In 2001, a dance group called M&S used samples from Double Exposure's "Everyman" in their song called "Salsoul Nugget".

In September 2008, they recorded new material an Eli/Dixon/Green composition called "Soul Recession"/Soultronics Records at Eli's Studio E (The Grooveyard) facility in Philadelphia. Some original Salsoul/Philly/TSOP (The Sound of Philadelphia)/MFSB (Gamble and Huff) session musicians have appeared on "Soul Recession", including Earl Young, Bobby Eli, Dennis Harris, T.G. Conway, Jimmy Williams and Rikki Hicks.

Jimmy Williams died in October 2016.

In 2018, new members Kenny Pitt and Lorenzo Bell are performing with the original band members to keep the Double Exposure sound alive.

In 2022 Salsoul re-released the "Ten Percent" album and is also available for streaming.

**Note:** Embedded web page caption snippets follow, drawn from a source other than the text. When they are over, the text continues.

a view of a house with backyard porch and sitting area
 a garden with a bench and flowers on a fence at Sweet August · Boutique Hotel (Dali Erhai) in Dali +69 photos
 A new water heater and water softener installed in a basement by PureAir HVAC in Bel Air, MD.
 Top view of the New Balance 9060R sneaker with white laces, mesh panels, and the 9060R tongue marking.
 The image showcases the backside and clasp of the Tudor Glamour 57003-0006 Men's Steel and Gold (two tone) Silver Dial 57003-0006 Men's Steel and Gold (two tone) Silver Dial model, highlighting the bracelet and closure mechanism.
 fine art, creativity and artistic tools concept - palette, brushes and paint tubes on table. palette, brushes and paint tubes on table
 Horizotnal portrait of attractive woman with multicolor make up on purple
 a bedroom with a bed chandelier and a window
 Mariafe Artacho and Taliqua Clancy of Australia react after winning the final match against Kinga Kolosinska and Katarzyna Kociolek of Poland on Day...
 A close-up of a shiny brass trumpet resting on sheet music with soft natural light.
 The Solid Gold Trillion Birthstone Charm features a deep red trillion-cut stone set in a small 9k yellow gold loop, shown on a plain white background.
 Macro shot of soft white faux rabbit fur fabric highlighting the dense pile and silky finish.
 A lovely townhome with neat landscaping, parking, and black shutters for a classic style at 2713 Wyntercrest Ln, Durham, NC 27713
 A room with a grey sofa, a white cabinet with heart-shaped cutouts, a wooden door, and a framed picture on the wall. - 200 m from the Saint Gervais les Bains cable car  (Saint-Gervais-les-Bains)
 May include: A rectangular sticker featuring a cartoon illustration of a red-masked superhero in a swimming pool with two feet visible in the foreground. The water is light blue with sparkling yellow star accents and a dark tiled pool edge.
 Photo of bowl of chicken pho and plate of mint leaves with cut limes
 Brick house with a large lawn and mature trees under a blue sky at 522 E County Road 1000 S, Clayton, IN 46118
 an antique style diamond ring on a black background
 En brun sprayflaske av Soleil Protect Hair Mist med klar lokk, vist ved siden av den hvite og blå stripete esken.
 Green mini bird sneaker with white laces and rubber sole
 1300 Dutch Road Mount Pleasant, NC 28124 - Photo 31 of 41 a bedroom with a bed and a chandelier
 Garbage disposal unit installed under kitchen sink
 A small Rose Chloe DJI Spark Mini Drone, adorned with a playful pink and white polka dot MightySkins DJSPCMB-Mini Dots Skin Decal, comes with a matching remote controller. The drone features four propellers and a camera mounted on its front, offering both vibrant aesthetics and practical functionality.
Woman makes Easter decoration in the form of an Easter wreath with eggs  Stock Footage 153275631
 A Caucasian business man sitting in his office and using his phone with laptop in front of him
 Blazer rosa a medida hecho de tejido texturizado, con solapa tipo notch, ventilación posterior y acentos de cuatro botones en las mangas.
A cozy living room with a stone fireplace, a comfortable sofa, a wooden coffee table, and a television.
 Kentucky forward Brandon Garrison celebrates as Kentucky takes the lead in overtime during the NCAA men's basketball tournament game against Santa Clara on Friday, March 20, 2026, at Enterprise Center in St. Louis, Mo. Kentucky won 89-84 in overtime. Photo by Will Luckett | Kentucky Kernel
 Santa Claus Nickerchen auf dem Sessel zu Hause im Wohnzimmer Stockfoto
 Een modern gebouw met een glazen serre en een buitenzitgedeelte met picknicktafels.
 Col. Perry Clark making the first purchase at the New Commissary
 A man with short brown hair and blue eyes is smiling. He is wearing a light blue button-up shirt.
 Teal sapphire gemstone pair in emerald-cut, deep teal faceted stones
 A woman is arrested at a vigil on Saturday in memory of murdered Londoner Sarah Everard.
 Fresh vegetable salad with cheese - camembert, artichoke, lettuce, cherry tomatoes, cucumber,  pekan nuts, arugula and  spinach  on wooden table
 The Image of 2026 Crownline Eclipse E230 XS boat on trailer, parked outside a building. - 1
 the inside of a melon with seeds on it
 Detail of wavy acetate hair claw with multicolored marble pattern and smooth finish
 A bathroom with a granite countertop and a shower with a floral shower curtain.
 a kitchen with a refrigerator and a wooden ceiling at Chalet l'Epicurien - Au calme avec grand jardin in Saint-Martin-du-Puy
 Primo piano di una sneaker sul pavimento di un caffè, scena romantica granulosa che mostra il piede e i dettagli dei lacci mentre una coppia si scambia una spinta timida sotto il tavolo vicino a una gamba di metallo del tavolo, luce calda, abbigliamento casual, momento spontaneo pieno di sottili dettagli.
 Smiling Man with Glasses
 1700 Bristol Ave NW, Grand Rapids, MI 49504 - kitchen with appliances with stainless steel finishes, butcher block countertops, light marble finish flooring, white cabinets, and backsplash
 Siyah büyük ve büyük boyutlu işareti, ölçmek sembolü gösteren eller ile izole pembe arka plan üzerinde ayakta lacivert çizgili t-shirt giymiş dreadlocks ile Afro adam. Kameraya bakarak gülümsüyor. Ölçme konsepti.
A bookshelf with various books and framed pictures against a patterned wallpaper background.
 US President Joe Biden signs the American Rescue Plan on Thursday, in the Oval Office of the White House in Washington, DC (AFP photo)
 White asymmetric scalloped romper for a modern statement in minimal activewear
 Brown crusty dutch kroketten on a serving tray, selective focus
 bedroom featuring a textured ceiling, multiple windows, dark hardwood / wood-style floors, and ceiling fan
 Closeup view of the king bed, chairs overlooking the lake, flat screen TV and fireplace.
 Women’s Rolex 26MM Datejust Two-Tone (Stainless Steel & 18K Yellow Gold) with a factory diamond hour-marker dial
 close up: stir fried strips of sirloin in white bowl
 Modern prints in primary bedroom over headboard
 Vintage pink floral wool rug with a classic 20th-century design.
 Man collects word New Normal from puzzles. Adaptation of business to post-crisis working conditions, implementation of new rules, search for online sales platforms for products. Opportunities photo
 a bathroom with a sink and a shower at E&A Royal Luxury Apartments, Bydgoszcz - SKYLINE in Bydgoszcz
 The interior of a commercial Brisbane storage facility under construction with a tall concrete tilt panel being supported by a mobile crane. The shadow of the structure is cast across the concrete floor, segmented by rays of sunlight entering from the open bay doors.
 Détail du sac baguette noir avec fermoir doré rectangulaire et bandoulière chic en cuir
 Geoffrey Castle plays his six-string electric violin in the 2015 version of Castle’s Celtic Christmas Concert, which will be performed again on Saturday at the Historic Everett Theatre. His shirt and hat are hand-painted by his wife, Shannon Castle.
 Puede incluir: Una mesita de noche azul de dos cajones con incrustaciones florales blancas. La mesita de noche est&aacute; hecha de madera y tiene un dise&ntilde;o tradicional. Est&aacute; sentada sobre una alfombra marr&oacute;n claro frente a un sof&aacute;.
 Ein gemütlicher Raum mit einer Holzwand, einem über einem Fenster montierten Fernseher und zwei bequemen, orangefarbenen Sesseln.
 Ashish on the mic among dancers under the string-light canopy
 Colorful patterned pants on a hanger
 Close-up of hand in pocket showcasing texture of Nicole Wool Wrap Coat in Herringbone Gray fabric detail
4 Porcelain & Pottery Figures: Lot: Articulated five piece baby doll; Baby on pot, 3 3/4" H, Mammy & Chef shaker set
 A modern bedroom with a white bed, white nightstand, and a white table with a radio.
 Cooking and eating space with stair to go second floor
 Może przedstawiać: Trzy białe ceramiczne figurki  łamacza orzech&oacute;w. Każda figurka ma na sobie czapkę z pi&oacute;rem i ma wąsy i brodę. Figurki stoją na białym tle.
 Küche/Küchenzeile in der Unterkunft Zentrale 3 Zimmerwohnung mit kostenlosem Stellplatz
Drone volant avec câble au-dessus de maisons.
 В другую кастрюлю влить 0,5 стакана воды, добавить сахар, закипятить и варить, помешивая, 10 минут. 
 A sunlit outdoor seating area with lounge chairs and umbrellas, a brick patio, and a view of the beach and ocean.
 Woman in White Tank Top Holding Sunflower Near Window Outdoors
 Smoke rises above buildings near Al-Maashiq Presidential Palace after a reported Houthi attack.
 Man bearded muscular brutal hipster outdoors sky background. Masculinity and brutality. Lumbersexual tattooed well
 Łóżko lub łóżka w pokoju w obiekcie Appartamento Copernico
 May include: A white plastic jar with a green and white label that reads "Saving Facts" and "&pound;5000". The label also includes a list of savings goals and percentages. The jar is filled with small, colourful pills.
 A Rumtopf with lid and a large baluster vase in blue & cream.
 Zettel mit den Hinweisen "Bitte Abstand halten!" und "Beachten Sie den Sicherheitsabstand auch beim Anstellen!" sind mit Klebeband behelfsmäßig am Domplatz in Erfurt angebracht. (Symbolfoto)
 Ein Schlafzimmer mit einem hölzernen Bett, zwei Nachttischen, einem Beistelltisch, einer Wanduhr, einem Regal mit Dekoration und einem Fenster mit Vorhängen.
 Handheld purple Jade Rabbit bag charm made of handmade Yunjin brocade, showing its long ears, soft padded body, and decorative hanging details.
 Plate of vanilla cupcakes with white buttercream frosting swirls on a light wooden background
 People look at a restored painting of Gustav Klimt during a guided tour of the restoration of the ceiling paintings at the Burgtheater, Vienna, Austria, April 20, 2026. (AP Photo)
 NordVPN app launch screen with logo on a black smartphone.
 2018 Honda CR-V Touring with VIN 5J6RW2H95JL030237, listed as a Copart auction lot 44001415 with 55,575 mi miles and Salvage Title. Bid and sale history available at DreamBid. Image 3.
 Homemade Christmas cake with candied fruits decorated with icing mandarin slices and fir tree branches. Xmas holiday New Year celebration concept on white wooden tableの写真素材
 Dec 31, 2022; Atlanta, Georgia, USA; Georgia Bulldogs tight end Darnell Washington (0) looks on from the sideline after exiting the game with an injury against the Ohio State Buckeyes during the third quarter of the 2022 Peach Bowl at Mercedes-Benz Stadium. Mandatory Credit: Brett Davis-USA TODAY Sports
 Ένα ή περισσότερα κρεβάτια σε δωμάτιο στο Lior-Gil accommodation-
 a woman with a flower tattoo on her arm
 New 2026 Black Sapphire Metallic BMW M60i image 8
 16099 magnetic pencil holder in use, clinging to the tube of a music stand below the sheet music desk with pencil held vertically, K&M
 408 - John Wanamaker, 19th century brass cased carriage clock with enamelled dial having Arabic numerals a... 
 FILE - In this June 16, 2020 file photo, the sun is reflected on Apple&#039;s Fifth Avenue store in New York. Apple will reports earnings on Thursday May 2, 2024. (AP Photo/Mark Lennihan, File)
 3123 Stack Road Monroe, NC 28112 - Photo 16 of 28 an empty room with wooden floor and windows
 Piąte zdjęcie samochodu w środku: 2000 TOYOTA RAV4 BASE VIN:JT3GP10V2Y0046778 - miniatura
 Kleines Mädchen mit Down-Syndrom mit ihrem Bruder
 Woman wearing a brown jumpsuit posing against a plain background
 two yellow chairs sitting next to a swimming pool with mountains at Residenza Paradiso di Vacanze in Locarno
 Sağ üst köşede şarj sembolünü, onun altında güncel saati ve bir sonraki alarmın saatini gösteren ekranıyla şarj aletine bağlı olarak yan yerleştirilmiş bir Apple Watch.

In 2024 James Burris became the newest member replacing Lorenzo Bell.

==Discography==
===Studio albums===

Year: Title; Peak chart positions; Record label
US: US R&B
1976: Ten Percent; 129; 40; Salsoul
1978: Fourplay; —; —
1979: Locker Room; —; —
"—" denotes a recording that did not chart.

===Compilations===
- The Best of Double Exposure (Charly, 1999)
- The Anthology (Suss'd, 2006)
- My Love Is Free: The Best of Double Exposure (Koch, 2006)

===Singles===

| Year | Single | Peak chart positions |  |  | Album |
| US | US R&B | US Dan |
| 1976 | "Ten Percent" | 54 | 63 | 2 | Ten Percent |
| "My Love Is Free" | 104 | 44 | 15 |
| "Everyman (Has to Carry His Own Weight)" | — | 84 | 8 |
| 1978 | "Newsy Neighbors" | 107 | — | — | Fourplay |
| "Perfect Lover" | — | — | — |
| 1979 | "I Got the Hots for Ya" | — | 33 | 37 | Locker Room |
| 1982 | "After All This Time" | — | — | 57 | Non-album single |
"—" denotes a recording that did not chart or was not released in that territory.